▶ Aim of the exercise
All the data should come back exactly as it was given.

Excerpts from a dataset
---+---
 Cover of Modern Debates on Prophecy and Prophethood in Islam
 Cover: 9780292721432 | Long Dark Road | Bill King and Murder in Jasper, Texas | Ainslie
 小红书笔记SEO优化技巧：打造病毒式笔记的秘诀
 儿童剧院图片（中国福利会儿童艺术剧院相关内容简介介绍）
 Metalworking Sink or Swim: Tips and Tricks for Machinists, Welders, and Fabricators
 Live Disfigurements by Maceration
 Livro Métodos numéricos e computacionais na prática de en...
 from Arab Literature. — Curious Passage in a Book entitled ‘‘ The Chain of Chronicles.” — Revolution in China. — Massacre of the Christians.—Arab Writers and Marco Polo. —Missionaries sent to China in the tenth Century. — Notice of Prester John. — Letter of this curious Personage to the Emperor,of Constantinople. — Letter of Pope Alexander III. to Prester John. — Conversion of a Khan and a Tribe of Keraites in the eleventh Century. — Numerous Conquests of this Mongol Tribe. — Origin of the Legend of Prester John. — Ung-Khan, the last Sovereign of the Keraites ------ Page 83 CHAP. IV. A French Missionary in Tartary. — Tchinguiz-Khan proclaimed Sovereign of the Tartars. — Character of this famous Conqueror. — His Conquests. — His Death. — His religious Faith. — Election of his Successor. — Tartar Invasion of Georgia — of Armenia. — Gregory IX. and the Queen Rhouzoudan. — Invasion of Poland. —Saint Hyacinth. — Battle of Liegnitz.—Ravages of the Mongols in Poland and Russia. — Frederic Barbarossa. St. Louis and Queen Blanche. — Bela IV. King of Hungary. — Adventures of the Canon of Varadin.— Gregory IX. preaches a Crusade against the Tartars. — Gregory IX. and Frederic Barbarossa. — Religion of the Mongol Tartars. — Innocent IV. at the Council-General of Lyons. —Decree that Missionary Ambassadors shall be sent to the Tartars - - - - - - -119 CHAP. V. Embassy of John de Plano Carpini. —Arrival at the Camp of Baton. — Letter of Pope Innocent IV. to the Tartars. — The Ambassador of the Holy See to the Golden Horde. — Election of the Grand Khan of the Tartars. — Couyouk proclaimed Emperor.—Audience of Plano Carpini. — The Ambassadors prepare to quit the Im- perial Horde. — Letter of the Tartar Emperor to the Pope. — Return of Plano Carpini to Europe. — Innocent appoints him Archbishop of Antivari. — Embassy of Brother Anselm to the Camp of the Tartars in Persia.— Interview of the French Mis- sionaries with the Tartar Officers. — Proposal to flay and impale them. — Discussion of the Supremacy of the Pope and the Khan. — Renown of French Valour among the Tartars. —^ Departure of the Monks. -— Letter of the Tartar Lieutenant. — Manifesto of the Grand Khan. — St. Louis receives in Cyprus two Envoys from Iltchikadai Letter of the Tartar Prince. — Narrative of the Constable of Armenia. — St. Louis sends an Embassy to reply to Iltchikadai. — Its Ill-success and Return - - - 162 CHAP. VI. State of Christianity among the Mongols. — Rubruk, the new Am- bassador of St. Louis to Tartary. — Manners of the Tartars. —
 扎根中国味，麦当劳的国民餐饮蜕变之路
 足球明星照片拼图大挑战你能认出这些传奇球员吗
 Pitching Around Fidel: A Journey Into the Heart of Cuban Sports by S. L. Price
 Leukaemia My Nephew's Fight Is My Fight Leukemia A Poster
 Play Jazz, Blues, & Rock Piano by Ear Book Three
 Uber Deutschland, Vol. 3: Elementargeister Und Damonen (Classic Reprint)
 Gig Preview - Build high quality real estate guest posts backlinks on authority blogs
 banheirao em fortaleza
---+---
▶ Task output
 Cover of Modern Debates on Prophecy and Prophethood in Islam
 Cover: 9780292721432 | Long Dark Road | Bill King and Murder in Jasper, Texas | Ainslie
 小红书笔记SEO优化技巧：打造病毒式笔记的秘诀
 儿童剧院图片（中国福利会儿童艺术剧院相关内容简介介绍）
 Metalworking Sink or Swim: Tips and Tricks for Machinists, Welders, and Fabricators
 Live Disfigurements by Maceration
 Livro Métodos numéricos e computacionais na prática de en...
 from Arab Literature. — Curious Passage in a Book entitled ‘‘ The Chain of Chronicles.” — Revolution in China. — Massacre of the Christians.—Arab Writers and Marco Polo. —Missionaries sent to China in the tenth Century. — Notice of Prester John. — Letter of this curious Personage to the Emperor,of Constantinople. — Letter of Pope Alexander III. to Prester John. — Conversion of a Khan and a Tribe of Keraites in the eleventh Century. — Numerous Conquests of this Mongol Tribe. — Origin of the Legend of Prester John. — Ung-Khan, the last Sovereign of the Keraites ------ Page 83 CHAP. IV. A French Missionary in Tartary. — Tchinguiz-Khan proclaimed Sovereign of the Tartars. — Character of this famous Conqueror. — His Conquests. — His Death. — His religious Faith. — Election of his Successor. — Tartar Invasion of Georgia — of Armenia. — Gregory IX. and the Queen Rhouzoudan. — Invasion of Poland. —Saint Hyacinth. — Battle of Liegnitz.—Ravages of the Mongols in Poland and Russia. — Frederic Barbarossa. St. Louis and Queen Blanche. — Bela IV. King of Hungary. — Adventures of the Canon of Varadin.— Gregory IX. preaches a Crusade against the Tartars. — Gregory IX. and Frederic Barbarossa. — Religion of the Mongol Tartars. — Innocent IV. at the Council-General of Lyons. —Decree that Missionary Ambassadors shall be sent to the Tartars - - - - - - -119 CHAP. V. Embassy of John de Plano Carpini. —Arrival at the Camp of Baton. — Letter of Pope Innocent IV. to the Tartars. — The Ambassador of the Holy See to the Golden Horde. — Election of the Grand Khan of the Tartars. — Couyouk proclaimed Emperor.—Audience of Plano Carpini. — The Ambassadors prepare to quit the Im- perial Horde. — Letter of the Tartar Emperor to the Pope. — Return of Plano Carpini to Europe. — Innocent appoints him Archbishop of Antivari. — Embassy of Brother Anselm to the Camp of the Tartars in Persia.— Interview of the French Mis- sionaries with the Tartar Officers. — Proposal to flay and impale them. — Discussion of the Supremacy of the Pope and the Khan. — Renown of French Valour among the Tartars. —^ Departure of the Monks. -— Letter of the Tartar Lieutenant. — Manifesto of the Grand Khan. — St. Louis receives in Cyprus two Envoys from Iltchikadai Letter of the Tartar Prince. — Narrative of the Constable of Armenia. — St. Louis sends an Embassy to reply to Iltchikadai. — Its Ill-success and Return - - - 162 CHAP. VI. State of Christianity among the Mongols. — Rubruk, the new Am- bassador of St. Louis to Tartary. — Manners of the Tartars. —
 扎根中国味，麦当劳的国民餐饮蜕变之路
 足球明星照片拼图大挑战你能认出这些传奇球员吗
 Pitching Around Fidel: A Journey Into the Heart of Cuban Sports by S. L. Price
 Leukaemia My Nephew's Fight Is My Fight Leukemia A Poster
 Play Jazz, Blues, & Rock Piano by Ear Book Three
 Uber Deutschland, Vol. 3: Elementargeister Und Damonen (Classic Reprint)
 Gig Preview - Build high quality real estate guest posts backlinks on authority blogs
 banheirao em fortaleza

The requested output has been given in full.